- Aim of the exercise -
Verbatim, and with nothing else, reproduce the data below from its first line through the line containing "HD 60Hz DVB-T".

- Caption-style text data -
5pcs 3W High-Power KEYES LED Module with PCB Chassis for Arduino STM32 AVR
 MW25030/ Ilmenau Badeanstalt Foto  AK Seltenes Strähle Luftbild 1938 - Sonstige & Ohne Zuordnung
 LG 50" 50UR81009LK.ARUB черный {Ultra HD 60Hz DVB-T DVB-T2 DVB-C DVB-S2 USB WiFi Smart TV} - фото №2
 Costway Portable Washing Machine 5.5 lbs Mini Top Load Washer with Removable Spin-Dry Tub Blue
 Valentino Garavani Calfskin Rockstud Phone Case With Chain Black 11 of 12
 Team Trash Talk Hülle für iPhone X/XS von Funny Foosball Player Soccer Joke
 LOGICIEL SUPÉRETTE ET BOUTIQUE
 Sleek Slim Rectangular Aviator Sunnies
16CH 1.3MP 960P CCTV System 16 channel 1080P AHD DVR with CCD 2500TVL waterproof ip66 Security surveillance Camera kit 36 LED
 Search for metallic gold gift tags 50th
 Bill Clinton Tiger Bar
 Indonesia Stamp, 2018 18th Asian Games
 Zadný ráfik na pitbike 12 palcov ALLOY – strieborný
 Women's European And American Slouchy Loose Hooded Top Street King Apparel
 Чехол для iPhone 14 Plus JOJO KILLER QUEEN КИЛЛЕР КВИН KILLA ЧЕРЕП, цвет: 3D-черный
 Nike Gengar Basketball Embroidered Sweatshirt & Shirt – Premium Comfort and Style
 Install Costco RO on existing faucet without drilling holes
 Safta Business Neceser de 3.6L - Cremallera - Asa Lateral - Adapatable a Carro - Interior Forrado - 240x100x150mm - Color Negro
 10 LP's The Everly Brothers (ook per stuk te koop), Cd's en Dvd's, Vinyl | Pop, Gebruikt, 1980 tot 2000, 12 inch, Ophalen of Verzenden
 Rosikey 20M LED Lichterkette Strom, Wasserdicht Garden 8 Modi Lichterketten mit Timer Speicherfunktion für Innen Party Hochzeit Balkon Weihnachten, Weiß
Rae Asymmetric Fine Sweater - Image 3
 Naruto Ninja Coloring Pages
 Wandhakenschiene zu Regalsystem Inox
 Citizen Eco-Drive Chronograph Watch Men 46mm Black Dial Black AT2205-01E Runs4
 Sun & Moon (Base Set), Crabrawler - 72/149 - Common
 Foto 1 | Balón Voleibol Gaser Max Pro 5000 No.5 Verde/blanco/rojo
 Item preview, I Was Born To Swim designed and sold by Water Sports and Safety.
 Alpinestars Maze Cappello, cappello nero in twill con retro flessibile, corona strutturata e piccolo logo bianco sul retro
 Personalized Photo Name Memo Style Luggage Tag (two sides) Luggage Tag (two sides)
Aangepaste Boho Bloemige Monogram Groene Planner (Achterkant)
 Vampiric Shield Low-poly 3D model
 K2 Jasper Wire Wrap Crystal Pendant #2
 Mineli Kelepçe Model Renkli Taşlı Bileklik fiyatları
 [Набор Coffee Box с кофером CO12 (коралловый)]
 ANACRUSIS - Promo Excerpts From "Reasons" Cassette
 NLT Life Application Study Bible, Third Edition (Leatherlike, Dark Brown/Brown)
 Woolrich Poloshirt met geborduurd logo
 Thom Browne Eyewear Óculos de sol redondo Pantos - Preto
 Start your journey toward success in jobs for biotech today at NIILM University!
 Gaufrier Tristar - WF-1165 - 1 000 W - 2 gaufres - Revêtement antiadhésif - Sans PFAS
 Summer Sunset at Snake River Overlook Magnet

- Answer below -
5pcs 3W High-Power KEYES LED Module with PCB Chassis for Arduino STM32 AVR
 MW25030/ Ilmenau Badeanstalt Foto  AK Seltenes Strähle Luftbild 1938 - Sonstige & Ohne Zuordnung
 LG 50" 50UR81009LK.ARUB черный {Ultra HD 60Hz DVB-T DVB-T2 DVB-C DVB-S2 USB WiFi Smart TV} - фото №2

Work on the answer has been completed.